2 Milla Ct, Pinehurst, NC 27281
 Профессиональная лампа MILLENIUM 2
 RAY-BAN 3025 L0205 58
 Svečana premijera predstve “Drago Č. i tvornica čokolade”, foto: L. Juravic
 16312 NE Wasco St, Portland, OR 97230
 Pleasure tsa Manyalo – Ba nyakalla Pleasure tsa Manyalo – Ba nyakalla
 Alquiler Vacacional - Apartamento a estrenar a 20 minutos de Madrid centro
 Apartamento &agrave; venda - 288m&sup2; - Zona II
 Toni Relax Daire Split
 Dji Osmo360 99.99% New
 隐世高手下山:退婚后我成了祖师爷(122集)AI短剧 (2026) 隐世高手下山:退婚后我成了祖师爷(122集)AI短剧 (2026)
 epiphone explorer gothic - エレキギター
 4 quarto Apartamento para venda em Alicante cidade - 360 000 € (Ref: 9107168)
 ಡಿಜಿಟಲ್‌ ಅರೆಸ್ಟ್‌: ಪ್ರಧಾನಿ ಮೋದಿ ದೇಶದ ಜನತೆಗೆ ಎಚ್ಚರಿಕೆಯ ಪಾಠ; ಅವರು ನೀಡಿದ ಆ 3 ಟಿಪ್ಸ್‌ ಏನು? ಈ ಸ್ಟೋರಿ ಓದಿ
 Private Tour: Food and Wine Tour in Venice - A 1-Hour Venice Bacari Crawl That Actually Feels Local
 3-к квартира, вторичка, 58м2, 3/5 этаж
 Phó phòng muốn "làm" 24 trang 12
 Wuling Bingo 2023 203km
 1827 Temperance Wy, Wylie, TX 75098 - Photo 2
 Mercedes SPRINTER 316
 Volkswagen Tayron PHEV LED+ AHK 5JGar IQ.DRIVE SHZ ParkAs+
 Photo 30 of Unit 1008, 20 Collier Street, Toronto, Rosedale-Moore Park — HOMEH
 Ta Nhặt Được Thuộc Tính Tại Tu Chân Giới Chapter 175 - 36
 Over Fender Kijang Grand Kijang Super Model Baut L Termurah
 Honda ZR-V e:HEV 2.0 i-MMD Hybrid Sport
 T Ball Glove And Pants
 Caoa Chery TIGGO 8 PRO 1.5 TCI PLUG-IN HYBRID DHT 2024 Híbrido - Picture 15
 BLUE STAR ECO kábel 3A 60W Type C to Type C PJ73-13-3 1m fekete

☆ ☆ ☆ ☆ ☆

> [Required action]: From the data above, how many lines contain the word "Apartamento"? Give the number alone.

> [Solution to this exercise]: 3